Using the listing below, set down exactly the lines from the one that contains "Système De Surveillance" through the one that contains "Ultra Soft Teddy", with no pictures.

-- Given data follows --

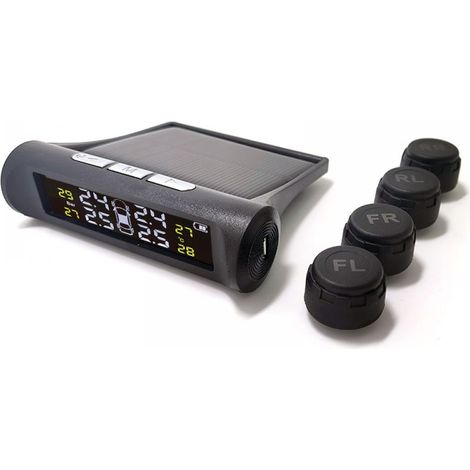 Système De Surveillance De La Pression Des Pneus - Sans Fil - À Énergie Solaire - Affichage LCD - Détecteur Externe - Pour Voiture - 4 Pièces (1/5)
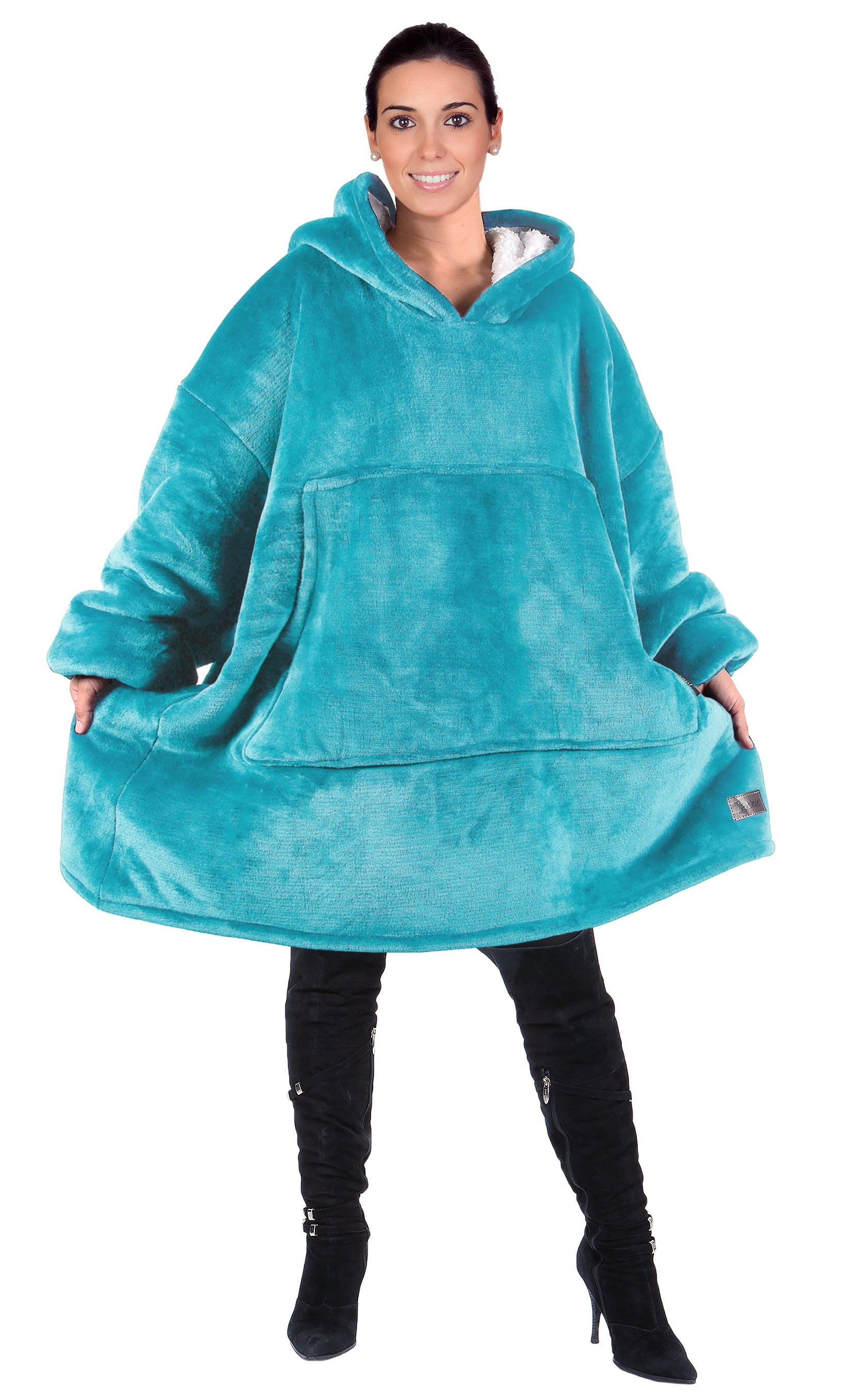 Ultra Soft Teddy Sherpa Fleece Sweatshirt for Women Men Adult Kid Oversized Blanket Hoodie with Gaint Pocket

-- Given data concluded --
-- Given data follows --

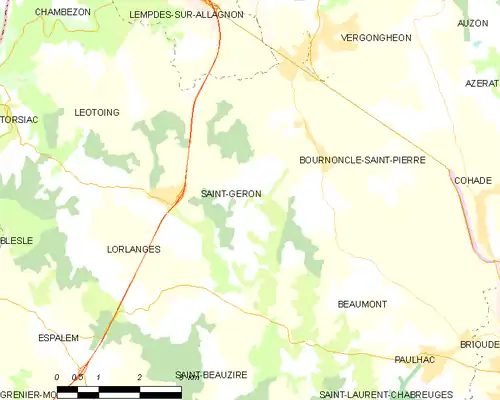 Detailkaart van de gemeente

-- Given data concluded --
-- Given data follows --

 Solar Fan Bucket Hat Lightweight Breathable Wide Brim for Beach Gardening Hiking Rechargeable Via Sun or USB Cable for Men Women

-- Given data concluded --

Task answer:
 Système De Surveillance De La Pression Des Pneus - Sans Fil - À Énergie Solaire - Affichage LCD - Détecteur Externe - Pour Voiture - 4 Pièces (1/5)
 Ultra Soft Teddy Sherpa Fleece Sweatshirt for Women Men Adult Kid Oversized Blanket Hoodie with Gaint Pocket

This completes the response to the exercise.